# Does This Look Familiar



## Andy (Feb 23, 2003)

Well I never.

Came across this on ebay with a reasonable bin price so bought it.

More out of curiosity than anything else.

Now, seller seems genuine and advertised it as 70's NOS, in which case I'm thinking that someone got a load of Seiko cases from the factory and badged them up.

It's possible I suppose because it it was intended as a fake, it would have been signed Seiko.

Hmmm.

Diffucult one.

I mean that's a tricky case to re-produce and I don't think it would be cost effective to do so.

It's one of two things from what I can see.

It's either original seiko case, bought independantly and fitted out by some small concern, or, it's a reproduction / homage, (I won't say fake because it's not signed Seiko)

That of course is possible because the pushers and chrono dials are only cosmetic.

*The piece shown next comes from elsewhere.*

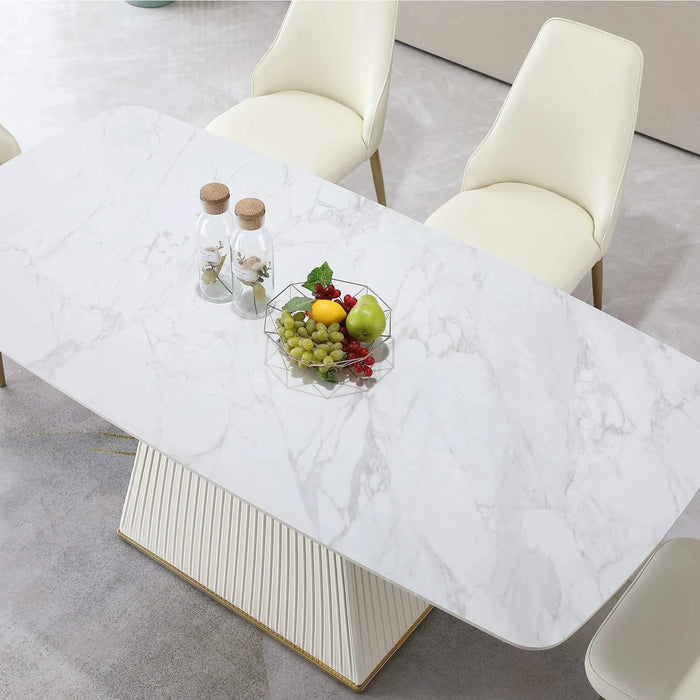 71-Inch Stone DiningTable with Carrara White color and Striped Pedestal Base Default -DTYStore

Either way it seems very nice.

What do you think.


----------



## pugster (Nov 22, 2004)

was probably never or intended to be a seiko. theres other bullheads about besides seiko,i blew the pic up and the day wheel box is just painted on ( well it looks that way) seiko bullhead all day/date?? ,are those the sellers pics or yours? ,dont look a bad watch but it depends on the price .


----------



## pg tips (May 16, 2003)

I think what Andy means is where or why the case is used / from.

I've had a good look at pictures of seiko bull heads and the case does look remarkably similar, although the edges on that seem sharper.

Perhaps there was an excess of cases somewhere, they couldn't get any genuine chrono movts so just made these up, the pushers are too long and the crown too thick to be genuine.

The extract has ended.